Z tym poziomem ascezy mogę się nawet porównać. Wracając z Francji, po trzech latach pobytu, mogliśmy przewieźć do 1300 butelek wina. Wykazaliśmy się podobnym umiarkowaniem, bo nazbierało się ich tylko osiemset pięćdziesiąt. Z jedną różnicą; za wino i cło płaciliśmy sami.
To jednak nie koniec – pensja na tej pozycji wynosi obecnie $351,600 włączając cowidową podwyżkę za, jak można sądzić, wysiłki heroiczne, w wysokości $48,800. Podaję – cytując Canadian Taxpayers Federation.
Powoli wchodzimy w tutejszy rytm rzeczy przyjemnych. Spacery wzdłuż plaży są coraz dłuższe, aż w końcu dochodzimy do falochronu w Cambrils; cztery kilometry w każdą stronę. To też okazja do wspólnego różańca. Rycerski obowiązek, plus wiele intencji, w tym za Leonida, syna Włodzimierza.
Ja w weekendy umawiam się z Januszem na rower. O siódmej trzydzieści, jest jeszcze prawie ciemno, ale na ścieżce rowerowej wzdłuż plaży jest jaśniej, a co najważniejsze prawie pusto. Jesteśmy świadkami wschodu słońca nad morzem, jest więc na co popatrzeć.
Pod koniec pobytu moja aplikacja Strava pokaże ok. 900 kilometrów. Czy dojdę w tym roku choćby do tysiąca?
Gdzieś po tygodniu kończy się nam jednak energia do zmywania ręcznego i pomysł zakupu zmywarki kompletnie nieznanej marki, ale za połowę poprzedniej ceny, spotyka się z pełnym aplauzem.
Zamawiamy i przywożą ją za dwa dni. Niby wszystko podobne, ale chyba brak cyklu suszenia pod koniec mycia. Wąż dopływowy nie ma też zabezpieczenia, podobnego do Boscha, na wypadek nieszczelności na dopływie wody. Jak jednak zrobić zmywarkę, która po przejściu przez pośredników kosztuje 320 Euro i ma trzy lata gwarancji? Zobaczymy na ile starczy?

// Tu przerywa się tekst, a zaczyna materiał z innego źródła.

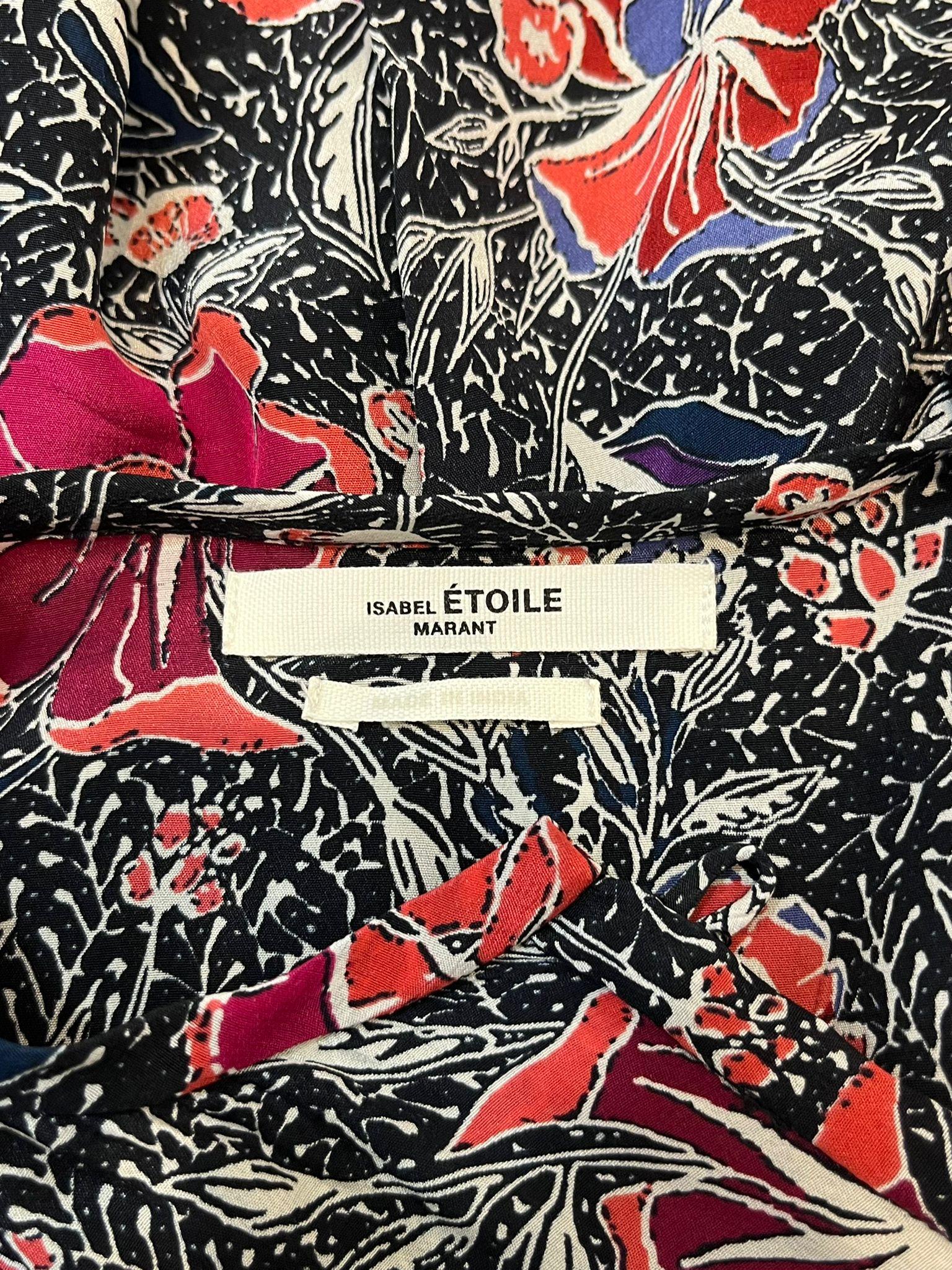 Isabel Marant Etoile Floral Silk Dress For Sale 2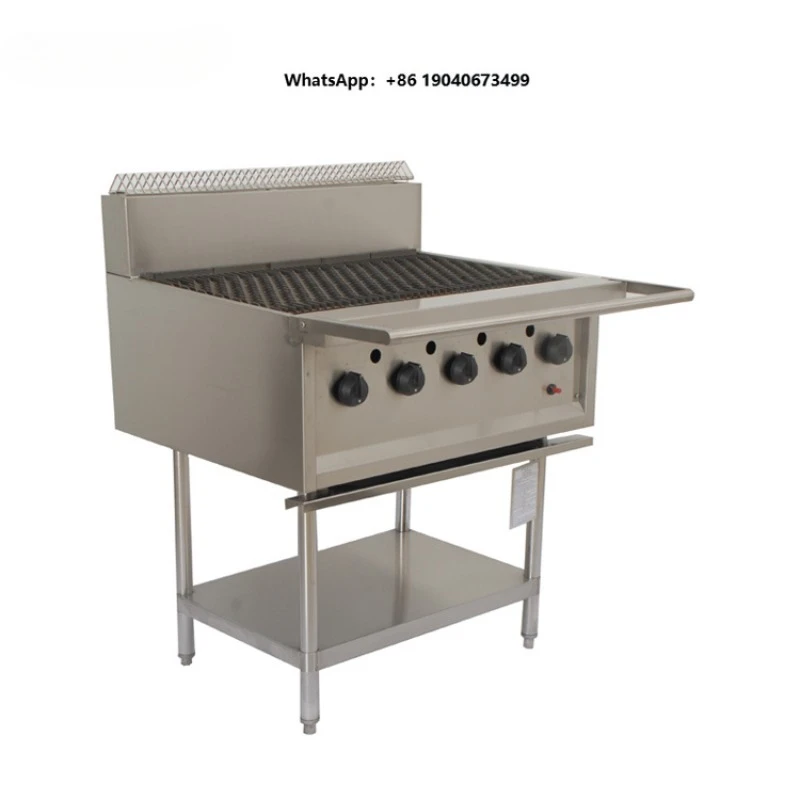 Full Series Luxury Hotel Equipment Commercial Stainless Steel Outdoor Gas BBQ Grill XH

W międzyczasie dowiadujemy się, że Pani Magda, nasza znajoma z Toronto, wybiera się na pielgrzymkę do Santiago de Compostela. Trasa z Porto do Santiago to ok. 250 km. Mamy nadzieję kontaktować się z nią w trakcie Camino.
Nie wszystko ma jednak charakter sielanki. Pani Basi przyplątuje się grypa.
Nasze ostatnie wyjazdy ubezpieczamy w AXA. Teraz okazja, aby sprawdzić, jak to działa? O dziwo, przychodnia którą znamy, jest na liście ubezpieczenia, nawet nie musimy płacić za wizytę, przelew będzie bezpośredni. Na dodatek, agentka oznajmia, że przysługuje nam taksówka, ale odpowiadamy, że pójdziemy piechotą.
Kończy się na antybiotyku, ale grypsko będzie ją męczyć jeszcze po przyjeździe do Polski.
Ogólnie widać, że samopoczucie Pani Basi nie jest najlepsze. Zasolenie morza i obecność jodu nie są porównywalne z Bałtykiem, ale i tak odbijają się to jej samopoczuciu.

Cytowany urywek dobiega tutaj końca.